After a while though, the way I was treated by people really started to bother me. I don’t know if folks who haven’t ever been treated as a woman know this, but walking through a crowded club is like walking through a minefield. Hands out to grab you, sleazy comments, gross looks up and down your body, and sometimes, violence. Someone at World Bar grabbed my arm, and shoved their hand into my underwear, an attempt at digital rape. I ran, mortified. Back then I didn’t know that you could tell security to chuck people who were bothering you out. Though a number of times, it was the security guards who sexually harassed me.
The weekend after that happened I was at Flinders Bar, and an older man in a suit tried to pull me into his lap, saying “Well hello, what have we got here?”. Today I would probably scream in his face “YOUR WORST FUCKING NIGHTMARE ASSHOLE” (I did this last weekend: ensure spit flies from your mouth and you look as unhinged as possible), but that time I just said “Leave me alone!” and tried to get away. But he didn’t let go. Instead, he yanked on my arm so hard I fell to my knees and shook his finger in my face. “You do NOT. TALK. TO ME. LIKE THAT,” he shouted. I cried and went outside and smoked with my friends until it was a silly joke, not assault.

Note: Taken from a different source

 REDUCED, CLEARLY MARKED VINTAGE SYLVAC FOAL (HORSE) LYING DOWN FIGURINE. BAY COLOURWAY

My experiences were part of patriarchy and of rape culture. They were part of systems of entitlement to women’s bodies that we are punished for not submitting to. I didn’t go out for a really long time after that. Clubbing became too much of an ordeal and I restricted my sick dance moves to the d-floors of my mates parties. In a lot of ways,learning that what happens to a lot of women, and trans feminine & non binary folks who are read as women, made me feel better as I’d always seen it as a part of life, or maybe blamed myself a little. Instead I learnt “FUCK YOU GET AWAY FROM ME” and “TOUCH ME WITH THAT HAND AGAIN AND I’L BREAK YOUR FINGERS.” It helped.
I went back to Oxford Arts Factory for the first time a few weeks ago. I eyed the dudes in the club suspiciously and made sure I carved out a spot on the dance floor that was uniquely mine and bordered by some of my giant size mates. Some people were gross, that was inevitable. But although my growing feminist conscience had previously rendered me unable to go out because the rage of being treated like a blow up doll really ruins your party spirit, there were some changes that felt really good.

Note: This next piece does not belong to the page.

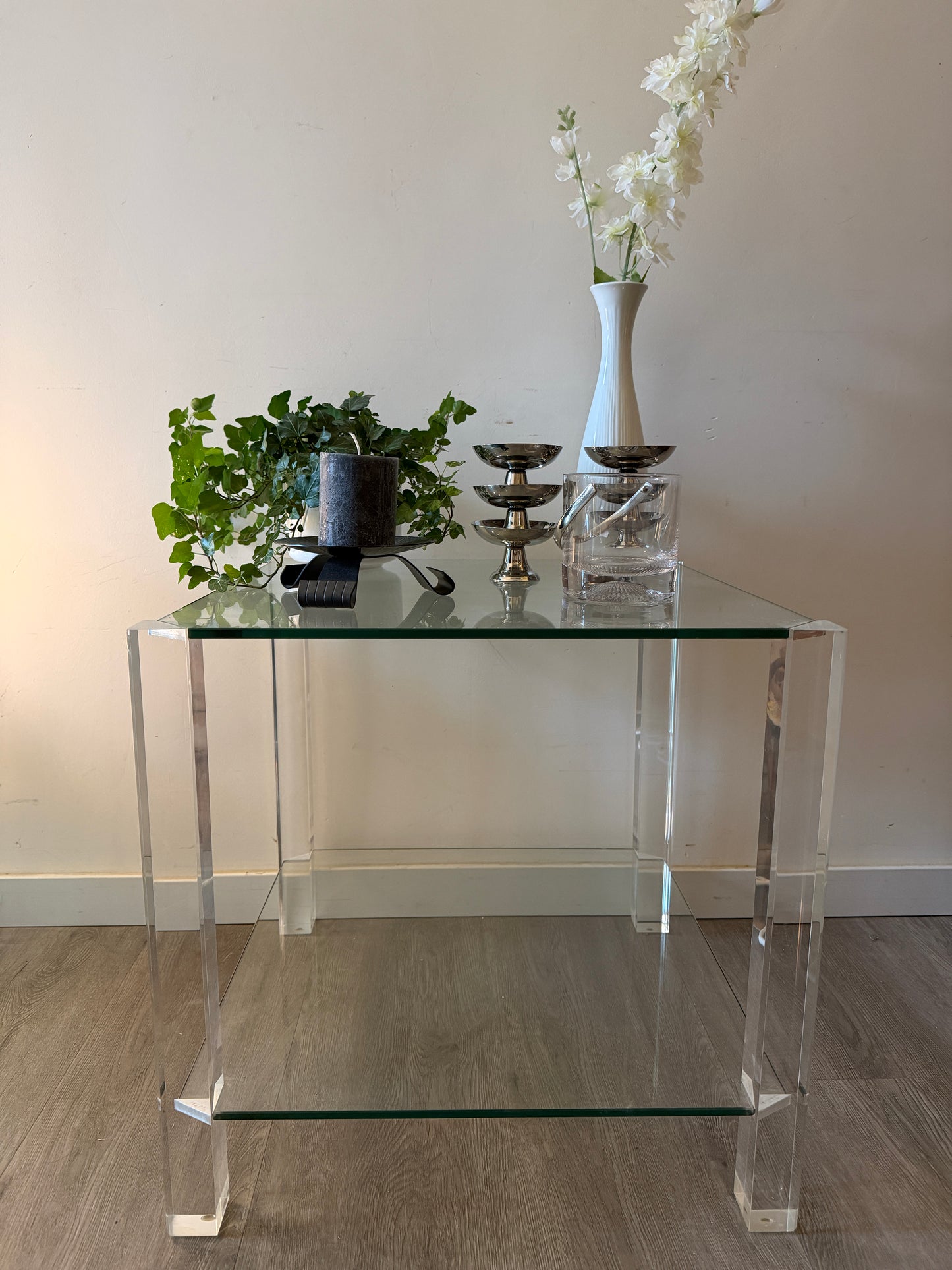Lucite bijzettafel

On the dance floor I realised that another experience which had coloured my salad days of $20 entry fees and Oriloff Vodka in Hyde Park had been girl hate. Girl hate refers to the way girls are taught to tear each other down to pull yourself up. The whole 97 minutes of Mean Girls is about girl hate, and the Sweet Valley High series. You might recognise it in Taylor Swift’s ‘You Belong With Me’ where she hates on another woman for wearing short skirts and high heels, which obviously makes her unworthy of her partner.
Before, I would walk into a club and think “Ugh her hair is so poorly chemically straightened why can’t you just let it be natural” or “Gross body sausage dresses are so tacky” / “Someone with shoulders like that should really not wear such a small top” / “Your boobs are falling out of your shirt, it’s so sad what girls will do for attention”. I’m ashamed that I used to think that way.

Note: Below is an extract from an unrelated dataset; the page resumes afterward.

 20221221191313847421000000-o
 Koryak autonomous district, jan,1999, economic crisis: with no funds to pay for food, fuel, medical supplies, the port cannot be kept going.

Last Saturday when I went out to party, I saw girls in really tight clothes, dancing and performing to others and their friends. On instinct, my first thought was “Oh wow, what an attention seeker”. But they looked fucking great. They were thriving and there to enjoy themselves and enjoy life and I 100% support them in wearing whatever they like. I saw girls who had put hours into getting ready and instead of thinking “Wow, so desperate” I thought “DAMN GIRL IT PAID OFF YOU LOOK LIKE A QUEEN”. I realised how much girl hate had been bringing me down when I’d last gone out. Supporting women gave me so much more light than shutting them down.
So while feminism has generated in me some fantasies to break sleazy men’s fingers and make them run for their lives, it’s also helped me work on a lot of pent up hate, and turn it into love for the beautiful women around me. It feels like a relief, and it definitely makes for a better night out.